**Problem details:** Exactly reproduce the entries, dropping any pictures from your copy.

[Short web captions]

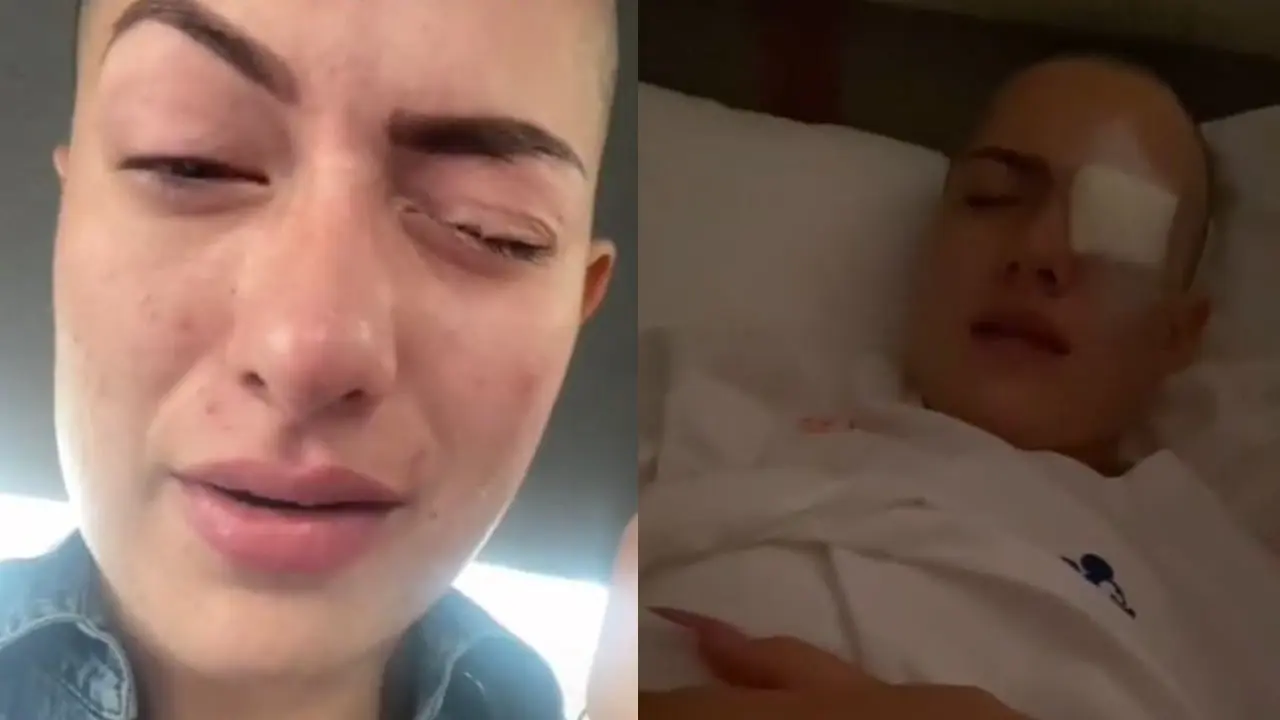 Influencer se echa kola loka en el ojo y termina con la córnea dañada. Foto: captura de pantalla.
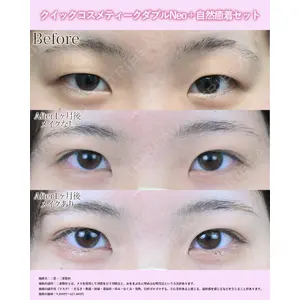 湘南美容クリニック 名古屋院 山本 高士医師の症例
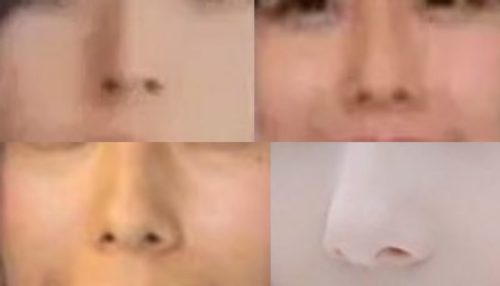 有村藍里の鼻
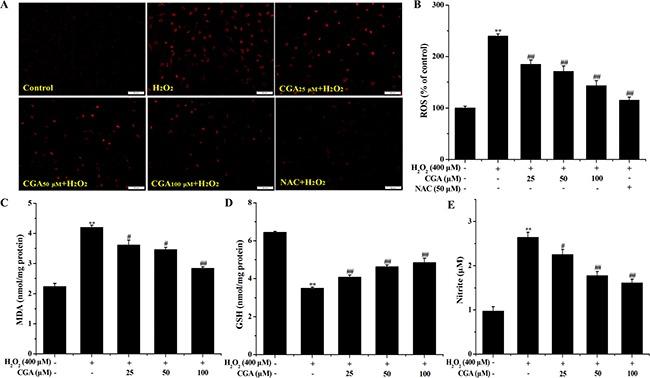https://cdn.ncbi.nlm.nih.gov/pmc/blobs/7e07/5362435/e820bd7d3513/oncotarget-08-14680-g004.jpg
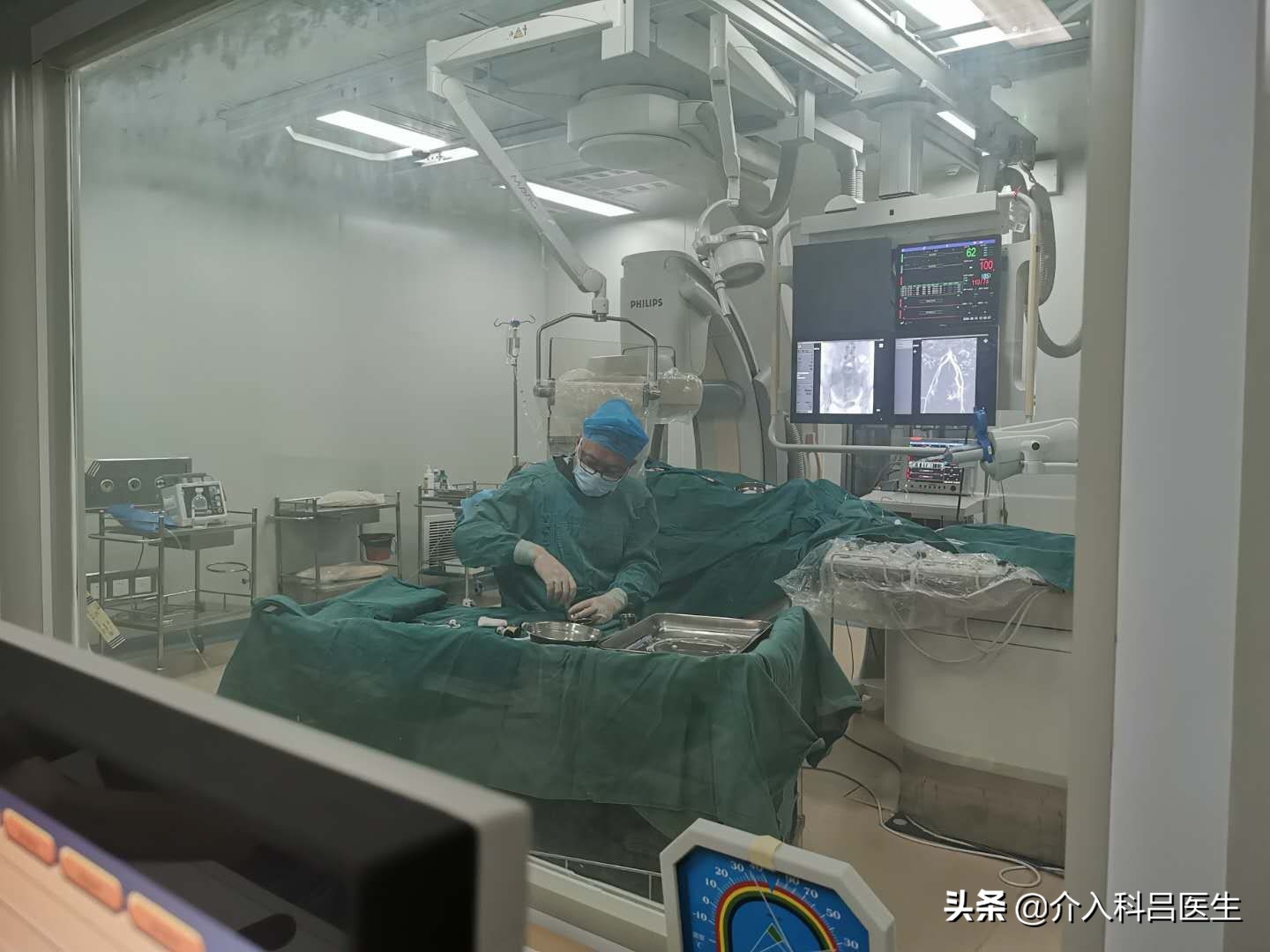 不死的癌症子宫腺肌瘤,子宫腺肌症介入栓塞效果和后遗症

**Answer:**
 Influencer se echa kola loka en el ojo y termina con la córnea dañada. Foto: captura de pantalla.
 湘南美容クリニック 名古屋院 山本 高士医師の症例
 有村藍里の鼻
https://cdn.ncbi.nlm.nih.gov/pmc/blobs/7e07/5362435/e820bd7d3513/oncotarget-08-14680-g004.jpg
 不死的癌症子宫腺肌瘤,子宫腺肌症介入栓塞效果和后遗症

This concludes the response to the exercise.